Low Vitamin D in U.S. Children linked to FDA’s Foot-Dragging on Sunscreen Standards
WASHINGTON, -- Researchers from a major medical center in New York have reported that 7 out of 10 U.S. children have low levels of vitamin D, placing them at higher risk for bone disorders, heart disease, and other health problems (Kumar 2009).
Children’s major source of vitamin D is sunshine. The UV rays from the sun trigger the skin to make the vitamin. Smaller amounts are found in cod liver oil, vitamin-D-fortified milk, orange juice, and other foods. Vitamin D can also be found in supplements.
The researchers analyzed vitamin D levels in over 6,000 children who participated in the Centers for Disease Control and Prevention’s (CDC) National Health and Nutrition Examination Survey (NHANES) between 2001-2004. They found that children at highest risk for vitamin D deficiency include those who are obese or who spend more than 4 hours daily in front of the TV, computer or video game system.
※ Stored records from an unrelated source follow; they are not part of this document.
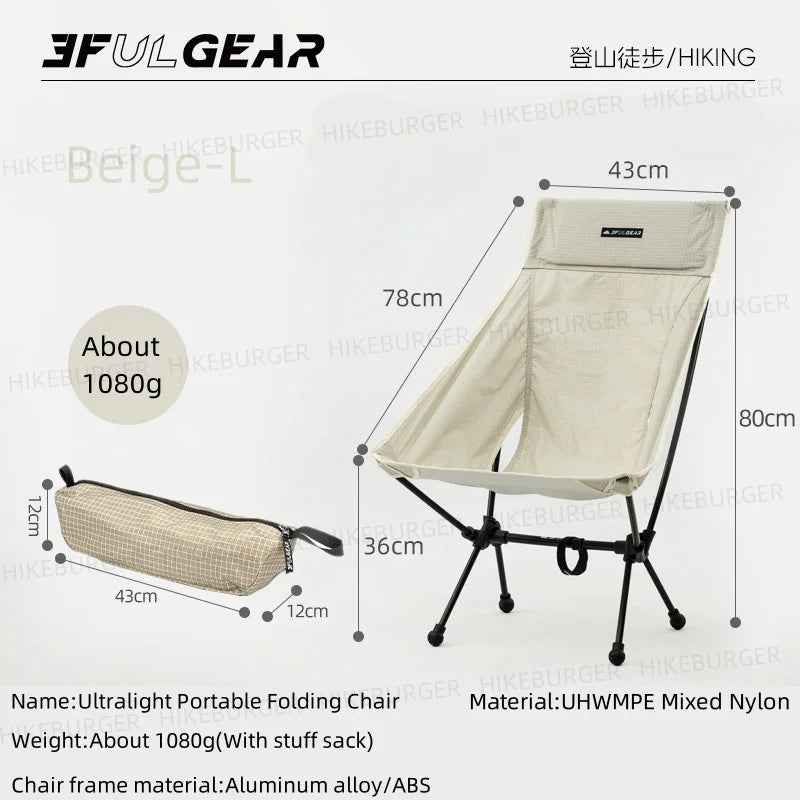 3F UL GEAR Outdoor Ultralight Portable Folding Chair Camping Durable UHWMPE Fishing Moon Chair Traveling Beach Chair Backpack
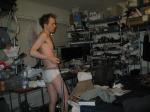 Jockey underwear in the morning with messy hair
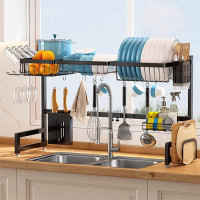 YITAHOME Dish Drying Rack Over The Sink Stainless Steel 2 Tier Dish Drainers For Kitchen Counter, Adjustable Length, Ove
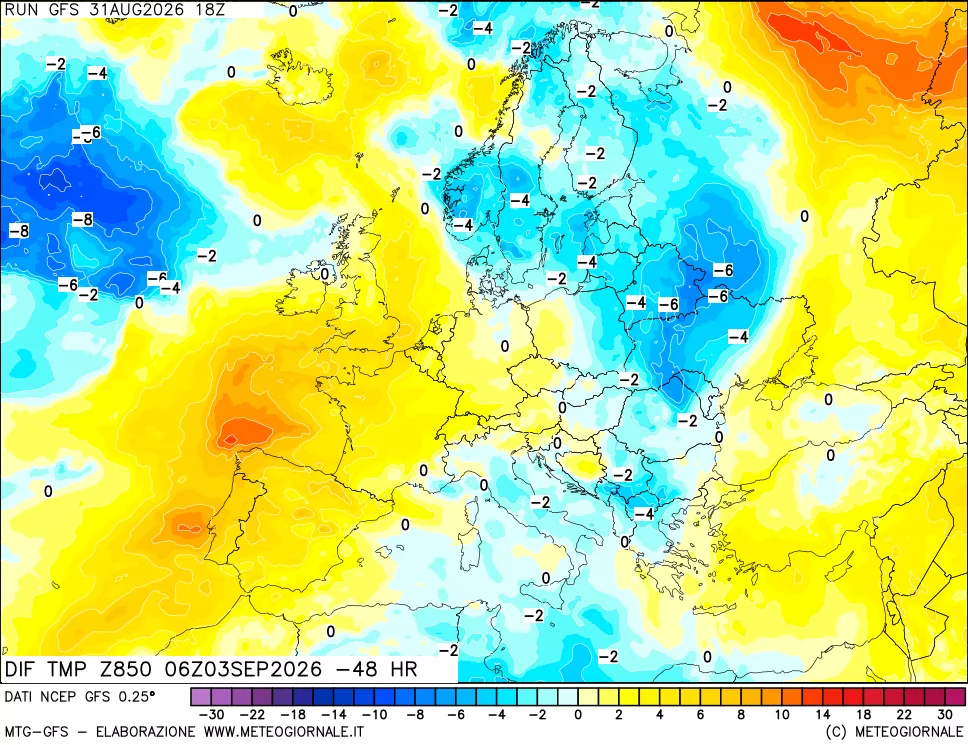 mappa Dif. Temp a 850 hPa Valid - Init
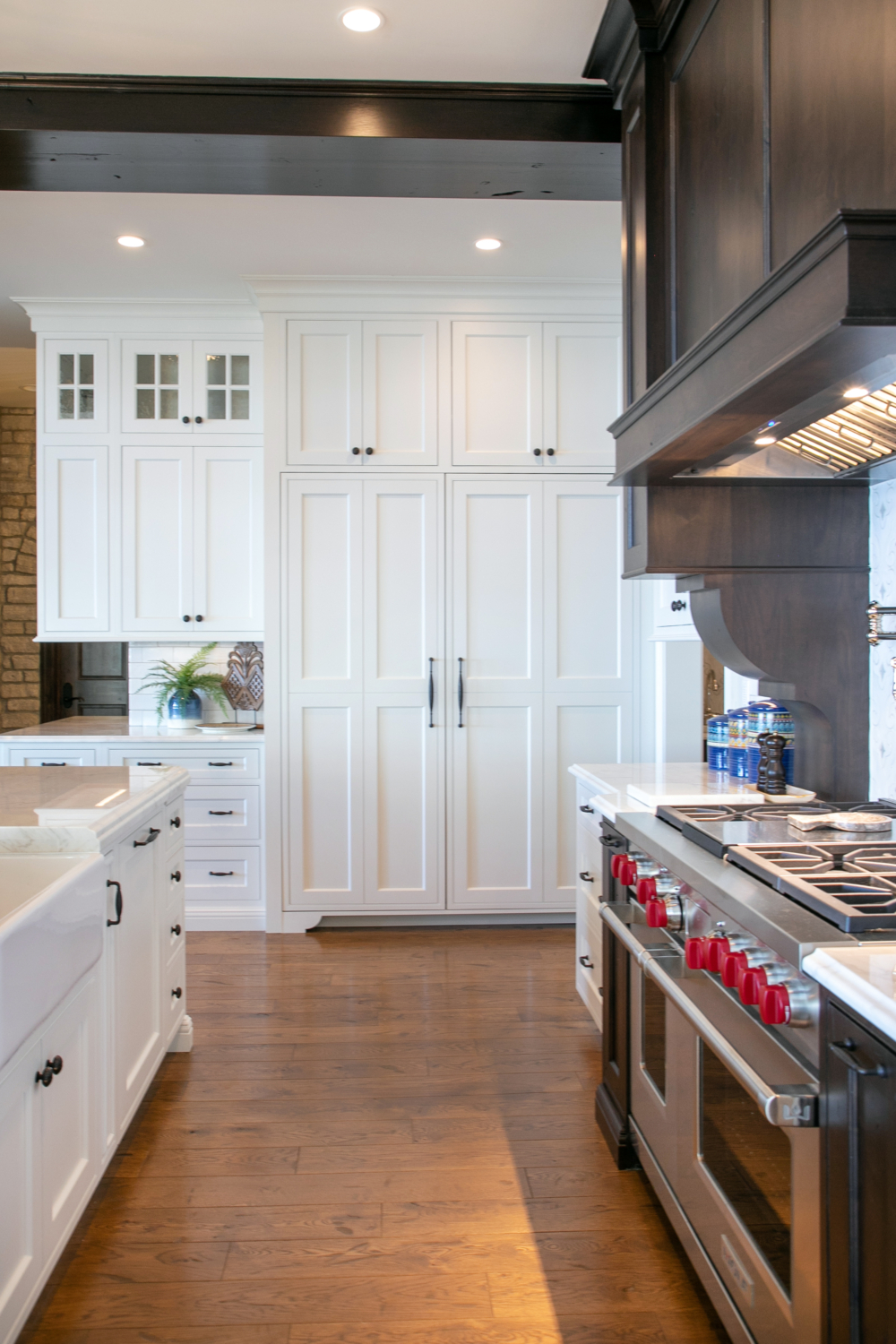 appliance panels in contrast finish as part of kitchen design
The Food and Drug Administration’s (FDA’s) failure to establish workable sunscreen standards are a contributing factor to children’s vitamin D deficiencies and resulting health risks. FDA has not yet finalized sunscreen standards it drafted in 1978 [read more]. Currently, the agency:
- Advises children to stay out of the sun from 10 am to 4 pm.
- Allows sunscreens that block only UVB rays (indicated by the SPF rating), the form of sunlight the body uses to manufacture vitamin D.
- Has failed to finalize UVA standards for sunscreen, the form of sunlight strongly linked to skin cancer.
In contrast, standards in the EU, Japan and Australia require that sunscreens protect the skin from damaging UVA rays. And in contrast to FDA’s blanket advice to stay out of the sun and always use sunscreen, the American Medical Association recommends 10 minutes of sun exposure before applying sunscreen, to give skin time to make vitamin D (AMA 2008).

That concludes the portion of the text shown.